Sam Altman, the CEO behind ChatGPT, said he is very skeptical of AI models being produced to show empathy for humans. This is the case of Meta AI, owned by Facebook, and the startup Character.AI, co-founded by Brazilian Daniel de Freitas, the former director of Google.
These two technologies promise to put well-known personalities into online conversations with users. Character.AI’s portfolio includes Taylor Swift, Napoleon Bonaparte, Tony Stark and the fallen angel Lucifer. Meta, in turn, has characters inspired by Gisele Bündchen’s ex-husband, Tom Brady (also a former American football player), rapper Snoop Dogg, and model and influencer Kendall Jenner.
“I personally am very skeptical of this vision of the future in which people are very close to friends made by artificial intelligence and not so many human friends,” Altman said on Tuesday (17) at a technology event promoted by the American Wall Street Journal. magazine.
However, it recognized the right of companies to operate in this area. “On the one hand, progress in personalization using AI is positive, but it is important to distinguish between interactions with humans and machines.”

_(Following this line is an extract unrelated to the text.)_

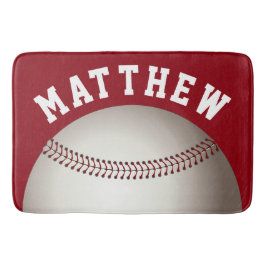 Red Personalized Sports Baseball Design Badmat
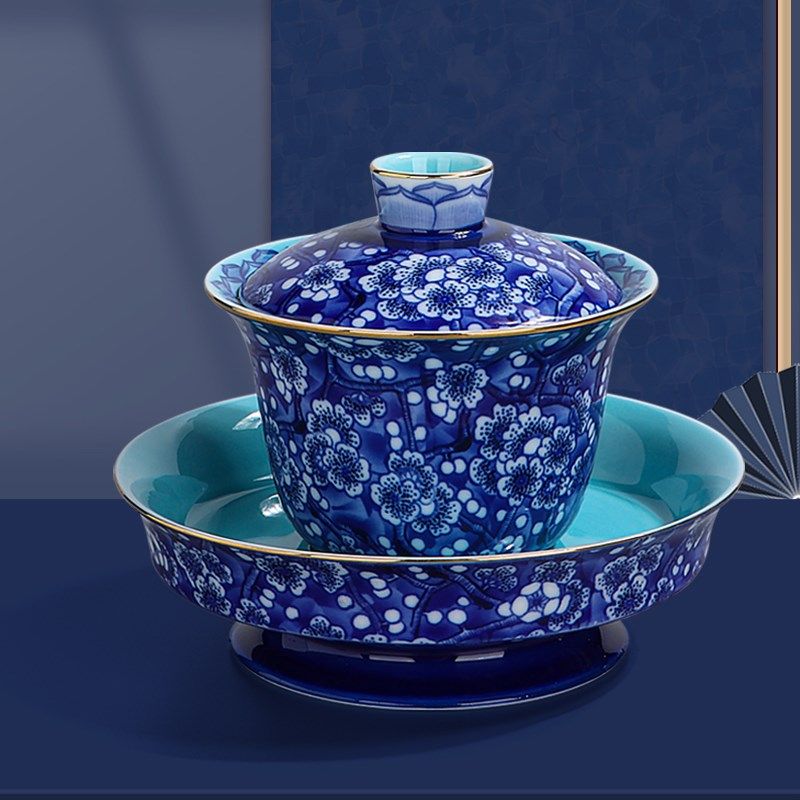 青花瓷三才盖碗单个高档陶瓷功夫茶具敬茶碗大号泡茶碗青花礼盒装,餐饮具,盖碗,淘宝优惠券,粉丝福利购,淘宝优惠卷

“We were very intentional in naming our product ChatGPT and not after a person. OpenAI makes it clear that the client is not talking to a human,” he added. GPT is an English abbreviation for “Generative Pre-Trained Transformer,” which is the technical name given to the model behind a text generator bot.
In the case of the model from Facebook owner Meta, chats are named after characters, in the form of a famous person. Snoop Dogg, for example, inspires the program Dungeon Master, which talks to the user about the medieval world and makes up rhymes in the style of a rapper.
Facebook founder Mark Zuckerberg introduced this character at the end of September at a Meta event. The relaxed tone set the conversation between man and machine.
The model is still in the testing phase in the United States and is not available in Brazil. “At the moment there is no information about expansion into other markets,” Meta tells the report.
It is also scheduled to take place at a Wall Street Journal event, where the CEO in charge of Meta AI, Chris Cox, responded that their technology has a neutral name. His presentation came shortly after a speech by the CEO of OpenAI, the creator of ChatGPT. “But I think there’s more room for fun and expression.”
Chatbots will be the future of entertainment, according to Character.AI co-founder and CEO Noam Shazier. He left Google with Brazilian CEO Daniel de Freitas to found the startup, which is currently worth R$25 billion, according to Bloomberg estimates.
Since the launch of the beta version in September 2022, more than 20 million people have registered on the platform. Forbes magazine tested it and said the technology is still primitive.
However, Daniel de Freitas states that Character.AI’s characters are enough to distract the startup’s employees from work. Freitas encourages his employees to play Ship AI, a text-based space adventure game narrated by the company’s chatbot.
Today, new entertainment markets such as social networks and video games generate much more money than traditional sectors such as music, cinema, theater and literature. This is evidence of the power of these products to capture consumer attention, attracting advertisers, buyers and sponsors.
Other chatbots competing with ChatGPT, such as Pi and Claude, have also been trained to show more elements of human conversation in their responses, even if they are not entertainment-oriented. Pi, for example, tends to provoke his interlocutor with questions, in a Socratic rhetorical strategy.
With less investment and at a more rudimentary stage of development, other platforms promise embodied AI friends. The experience reminds us of the fictional narration of the film “Her” (2013) by director Spike Jonze.
For example, the AI chatbot Replika was able to act out rousing speeches until June. When the company responsible for the technology blocked these responses, users complained that the artificial intelligence was “fragmented,” according to the specialized website Business Insider.
People tend to see the humanity in AI platforms through the fluidity of word sequences provided by the technology. This process is called the Eliza effect, in honor of the first chatbot created in the 1960s.
However, AI models like ChatGPT act like a statistical parrot: they are trained to guess the next most likely word to continue a block of text.
“They are able to reproduce the language they have been trained in, but they are not thinking about what we are asking them to do,” Patty Mays, a professor at the Massachusetts Institute of Technology (MIT) said in an interview with Folha.